• **Work task**
The part below that opens with the line containing "(Photo: ANI) The" and closes with the line containing "THOME G-Peel Program" should be copied exactly, minus any pictures.
--- Records for this task ---
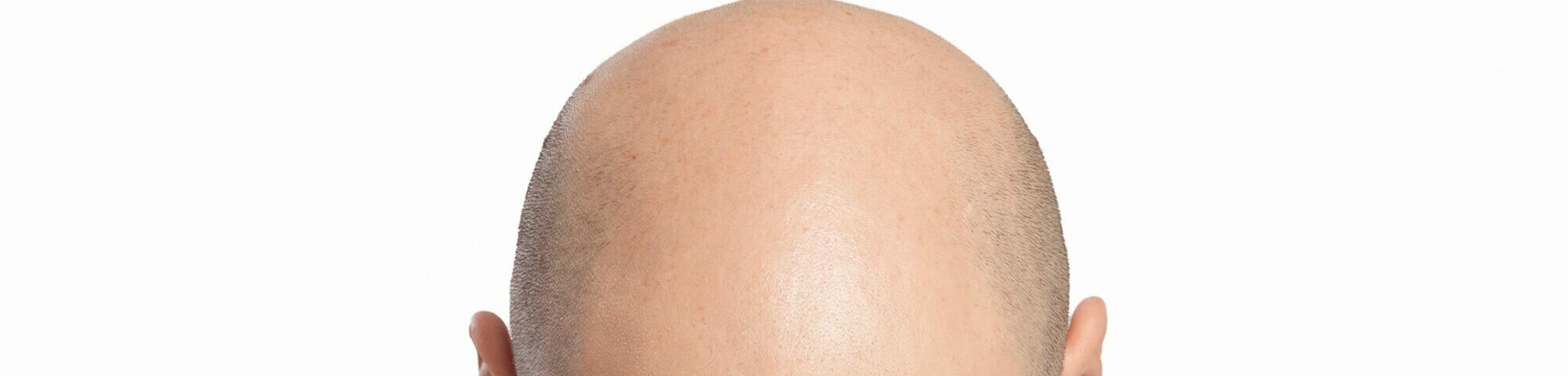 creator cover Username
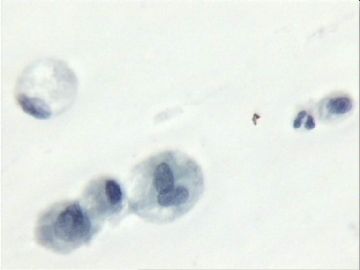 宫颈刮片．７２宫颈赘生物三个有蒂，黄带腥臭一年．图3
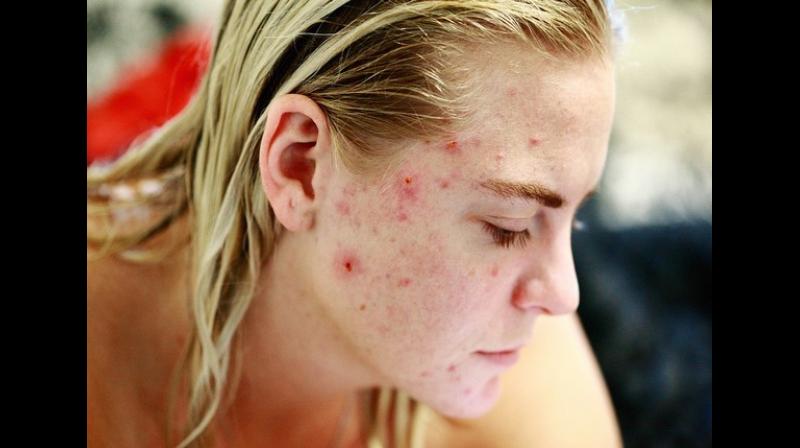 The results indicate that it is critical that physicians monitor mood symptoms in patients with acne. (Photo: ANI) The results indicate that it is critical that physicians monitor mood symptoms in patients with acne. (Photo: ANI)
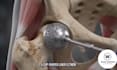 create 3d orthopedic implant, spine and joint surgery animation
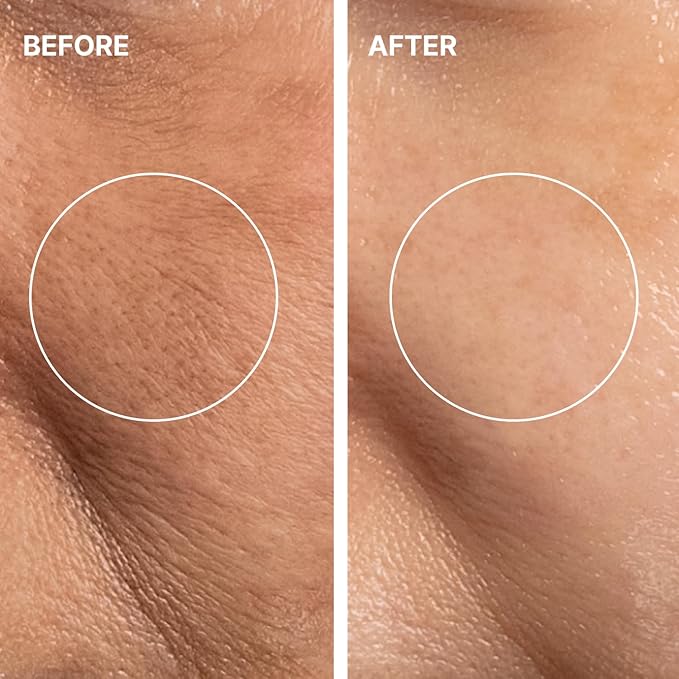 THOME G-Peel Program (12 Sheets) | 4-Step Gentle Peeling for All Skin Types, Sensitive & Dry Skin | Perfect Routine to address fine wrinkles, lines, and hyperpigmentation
---
--- Records for this task ---
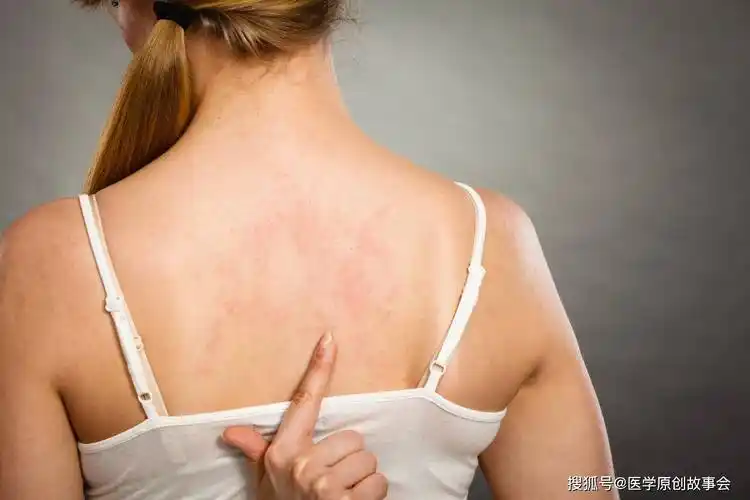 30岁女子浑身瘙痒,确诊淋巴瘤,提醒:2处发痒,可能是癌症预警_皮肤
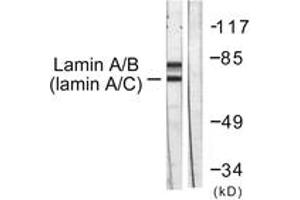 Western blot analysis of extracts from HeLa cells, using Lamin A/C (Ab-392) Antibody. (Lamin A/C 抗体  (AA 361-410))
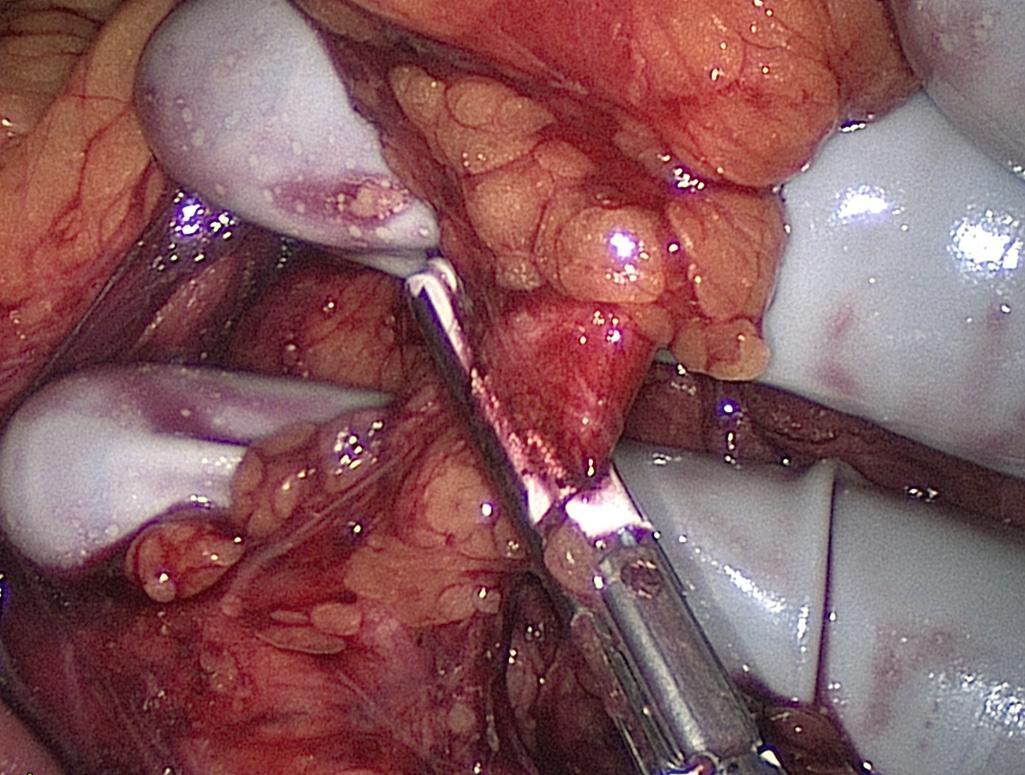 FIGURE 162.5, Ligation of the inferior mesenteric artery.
---
• **Solution for this problem**
 The results indicate that it is critical that physicians monitor mood symptoms in patients with acne. (Photo: ANI) The results indicate that it is critical that physicians monitor mood symptoms in patients with acne. (Photo: ANI)
 create 3d orthopedic implant, spine and joint surgery animation
 THOME G-Peel Program (12 Sheets) | 4-Step Gentle Peeling for All Skin Types, Sensitive & Dry Skin | Perfect Routine to address fine wrinkles, lines, and hyperpigmentation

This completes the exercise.